Strategy

26th May 2016

Best of the Best

On August the 5th this year, as they do every 4 years, the absolute cream of the planet’s athletes and sportspeople will gather in an unsurpassed festival of sporting excellence. This year it will be in Rio and I have little doubt that the spectacle will be every bit as impressive as it was 4 years ago in London and 4 years before that in Beijing.

The ritual and regular gathering of the best of the best regularly produces world records, world firsts and personal bests by the boat load. What we, the spectators, get to see and experience is the tip of the iceberg. We see the final performances that are the culmination of a lifetime of effort, of training, of deliberate practice which are in themselves the result of a single decision to be the best, to be number one, to be the best of the best.

More than 98% of all of the sportspeople at the Olympics will have a coach, if not actually with them, at the games, then present with them on their journey. Many will have more than one coach in their careers. It would be easy to draw the conclusion that if you want to be good, you have to have a coach. That would be true.

I would like to propose a different perspective which says that ‘because you are good, you deserve a coach’. You owe it to yourself to have a coach. Coaching is not something that you should necessarily use to move from a mediocre performance to an adequate performance, although coaching will certainly help in that transition. Coaching is for people, for businesses and for business leaders who are already good and want to move to great. Who want to optimise their potential, who deserve to play at the top of their game, more often, more easily and effortlessly and more consistently.

The output may be to shave a fraction of a second off Usain Bolt’s time over 100 metres, or to add £100, 000 to the bottom line of a business or to help you to find a little more joy at work. Whatever it is for you, the fact remains that the higher levels of performance are only ever achieved with some form of coaching and mentoring.

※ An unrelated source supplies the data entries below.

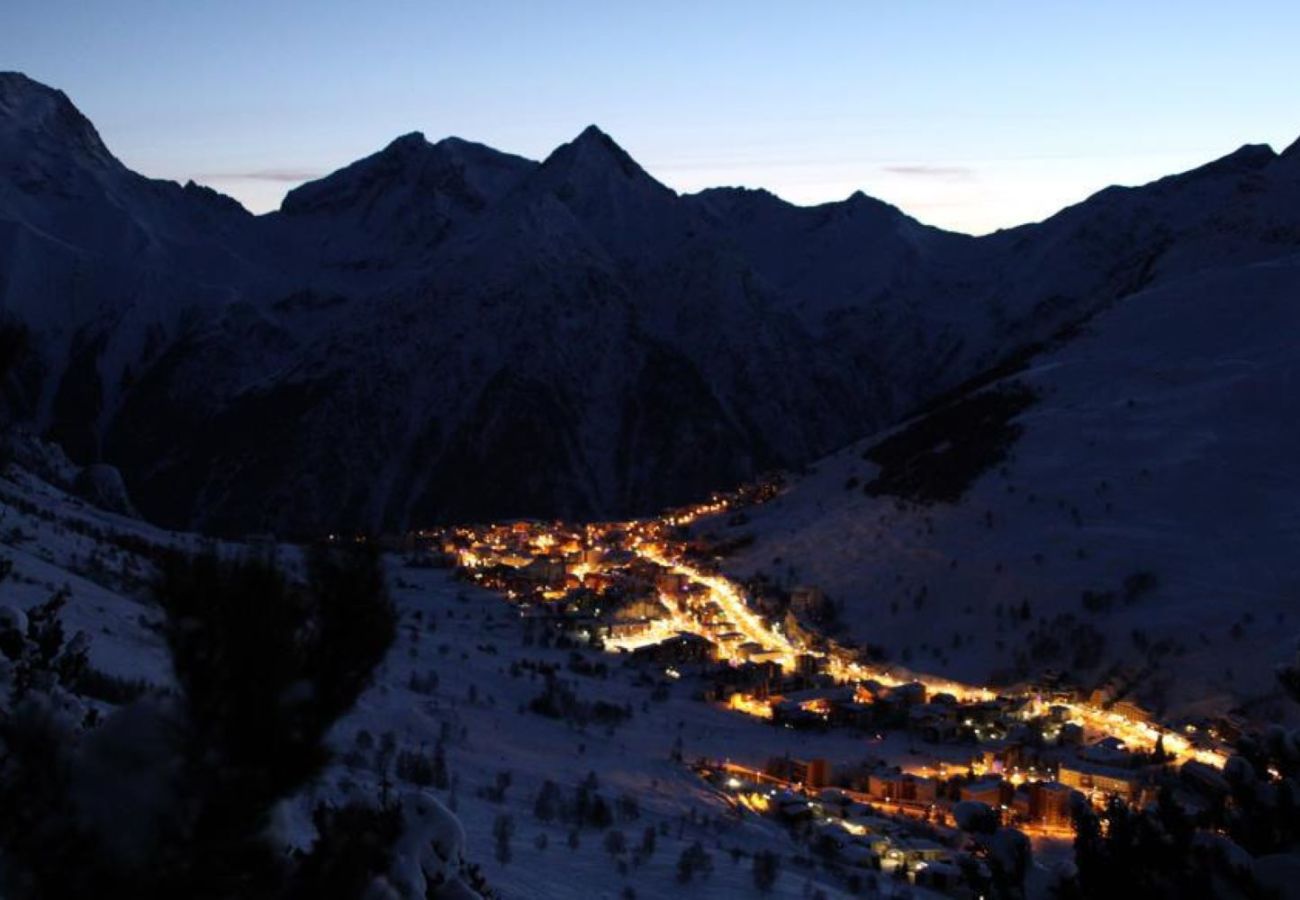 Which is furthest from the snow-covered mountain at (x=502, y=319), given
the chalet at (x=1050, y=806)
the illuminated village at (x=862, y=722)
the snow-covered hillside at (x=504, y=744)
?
the chalet at (x=1050, y=806)

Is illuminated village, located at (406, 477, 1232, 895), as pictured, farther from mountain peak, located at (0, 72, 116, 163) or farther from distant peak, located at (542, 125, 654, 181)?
mountain peak, located at (0, 72, 116, 163)

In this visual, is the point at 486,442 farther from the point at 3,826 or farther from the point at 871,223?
the point at 3,826

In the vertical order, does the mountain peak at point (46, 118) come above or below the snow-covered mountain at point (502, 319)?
above

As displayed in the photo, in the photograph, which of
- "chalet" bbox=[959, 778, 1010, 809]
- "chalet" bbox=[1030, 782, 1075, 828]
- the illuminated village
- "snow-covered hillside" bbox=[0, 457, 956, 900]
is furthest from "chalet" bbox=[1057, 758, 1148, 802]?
"snow-covered hillside" bbox=[0, 457, 956, 900]

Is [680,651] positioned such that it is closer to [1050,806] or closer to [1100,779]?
[1100,779]

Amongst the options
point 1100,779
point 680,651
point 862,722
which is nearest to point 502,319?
point 680,651

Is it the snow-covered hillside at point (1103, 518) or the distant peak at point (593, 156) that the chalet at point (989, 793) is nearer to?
the snow-covered hillside at point (1103, 518)

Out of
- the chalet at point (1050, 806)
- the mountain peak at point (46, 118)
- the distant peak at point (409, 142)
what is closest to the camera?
the chalet at point (1050, 806)
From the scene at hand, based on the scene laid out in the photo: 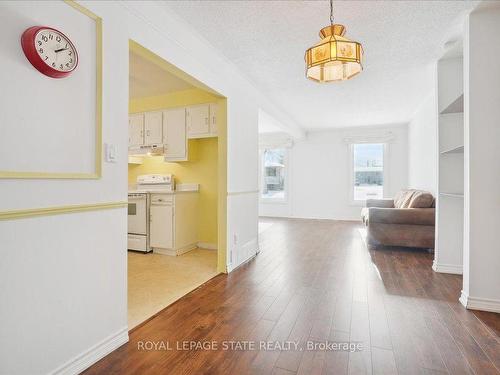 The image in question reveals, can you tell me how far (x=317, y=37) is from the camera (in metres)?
2.68

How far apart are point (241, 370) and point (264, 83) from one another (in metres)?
3.53

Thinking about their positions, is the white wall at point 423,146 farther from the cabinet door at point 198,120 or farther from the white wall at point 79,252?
the white wall at point 79,252

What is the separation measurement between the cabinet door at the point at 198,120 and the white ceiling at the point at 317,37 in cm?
85

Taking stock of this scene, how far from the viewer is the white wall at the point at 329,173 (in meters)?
7.17

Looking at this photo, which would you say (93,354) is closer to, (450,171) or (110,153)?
(110,153)

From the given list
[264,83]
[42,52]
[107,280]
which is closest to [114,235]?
[107,280]

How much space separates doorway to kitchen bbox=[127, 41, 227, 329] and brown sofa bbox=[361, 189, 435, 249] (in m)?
2.49

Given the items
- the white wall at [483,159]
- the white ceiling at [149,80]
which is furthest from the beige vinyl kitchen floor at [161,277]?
the white wall at [483,159]

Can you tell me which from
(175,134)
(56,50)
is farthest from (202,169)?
(56,50)

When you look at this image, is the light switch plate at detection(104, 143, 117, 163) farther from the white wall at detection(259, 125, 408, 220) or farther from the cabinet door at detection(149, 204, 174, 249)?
the white wall at detection(259, 125, 408, 220)

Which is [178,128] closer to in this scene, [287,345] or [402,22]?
[402,22]

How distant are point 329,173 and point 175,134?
16.2ft

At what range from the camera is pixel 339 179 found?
7.70 m

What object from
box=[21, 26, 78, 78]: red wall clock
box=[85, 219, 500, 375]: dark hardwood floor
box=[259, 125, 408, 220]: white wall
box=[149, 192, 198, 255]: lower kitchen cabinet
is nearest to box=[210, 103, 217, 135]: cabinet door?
box=[149, 192, 198, 255]: lower kitchen cabinet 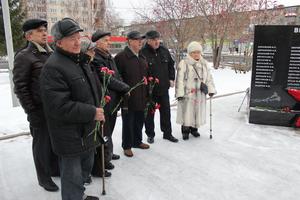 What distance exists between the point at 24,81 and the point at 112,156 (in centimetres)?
167

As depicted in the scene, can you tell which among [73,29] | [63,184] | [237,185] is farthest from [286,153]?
[73,29]

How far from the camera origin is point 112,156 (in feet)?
13.0

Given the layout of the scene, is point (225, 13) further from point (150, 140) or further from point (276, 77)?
point (150, 140)

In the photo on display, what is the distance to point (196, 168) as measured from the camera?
3.72 m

Coaching is for people for whom being the best matters. Now of the hundreds that compete at the Olympics only a very small proportion will be medallists and an even smaller proportion will be gold medallists, but every one of them can be gold medallists in the event called ‘being the best I can be’ and if that is important to you, then you need a coach. If that isn’t important to you, then you need a coach.

As Steve Prefontaine says on the poster on my wall “To give anything other than your best is to sacrifice the gift”.